Further, when the U.S. Supreme Court ruled in Citizens United v. Federal Election Commission (2010) that corporations and unions had First Amendment rights and could put their money in the mouths of politicians, resulting in a surge in “super PACs” and “dark money,” I accepted the country’s fate as an oligarchy. Two years later, a national poll found “Super PACs Leave Americans Less Likely to Vote.”
So, I put my hand to the plow and work towards future scenarios where white-body supremacy no longer exists. Luckily, there is a soundtrack for it and proof that it is a shared vision.

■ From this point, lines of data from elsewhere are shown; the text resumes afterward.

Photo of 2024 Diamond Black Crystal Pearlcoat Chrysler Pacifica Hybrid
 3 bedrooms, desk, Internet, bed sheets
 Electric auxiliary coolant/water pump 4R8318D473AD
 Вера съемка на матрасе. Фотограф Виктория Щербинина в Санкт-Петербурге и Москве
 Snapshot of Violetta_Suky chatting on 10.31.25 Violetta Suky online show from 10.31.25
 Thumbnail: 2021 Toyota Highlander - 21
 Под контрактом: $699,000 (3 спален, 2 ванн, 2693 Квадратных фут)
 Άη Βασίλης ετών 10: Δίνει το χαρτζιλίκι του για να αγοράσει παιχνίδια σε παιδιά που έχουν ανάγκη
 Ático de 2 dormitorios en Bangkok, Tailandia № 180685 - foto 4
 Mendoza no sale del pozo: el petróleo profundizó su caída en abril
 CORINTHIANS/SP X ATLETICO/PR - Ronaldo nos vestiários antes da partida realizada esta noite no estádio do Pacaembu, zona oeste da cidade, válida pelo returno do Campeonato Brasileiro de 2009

African American spirituals, folk songs born of their brutal experience with chattel slavery, offer liberated identities and futures through coded lyrics. Along with those indigenous to what is now the United States, they were the first to experience othering by way of colonialism, fundamentally defined as different and inferior to justify their dehumanization and domination.
Consequently, their aspirations included dignity, justice and a transformed reality where “All God’s Chillun Got Shoes” and can “walk all over God’s heaven.” But while the themes often focused on spiritual salvation, the lyrics doubled as escape routes, as was the case for “Follow the Drinking Gourd” and “Swing Low, Sweet Chariot.”
Breaking free of systemic oppression remains dangerous and requires what Tricia Hersey, founder of the Nap Ministry, described as “trickster energy.” It is defined as the ability to use cunning and imagination to rest, producing a kind of freedom in our refusal of oppressive systems and their social conditions, which require us to “work ourselves to death”—not unlike chattel slavery. Hersey refers to these tricksters as “escape artists.”
Her work is a part of the witness of The Raceless Gospel Initiative. Through the praxis of womanist and liberation theologies and the future-casting of the African American spirituals, its marronage framework, demonstrated by semantic and somatic sovereignty, is sustained by resistance through self-emancipation as embodied by Harriet Tubman, self-actualization as formulated by Howard Thurman, truth-telling as named by James Baldwin, self-regard as narrated by Toni Morrison, self-care as defined by Audre Lorde and rest as devised by Tricia Hersey.
It is a counter to tyrannical imaginations and restricted futures that can only see you and me one way. The Raceless Gospel offers another way of being and belonging to ourselves and in community apart from “the racial contract.” So, if you have ears to hear there is a kin-dom coming, then follow me, that is, unless you want to go the way of this ass-backward country.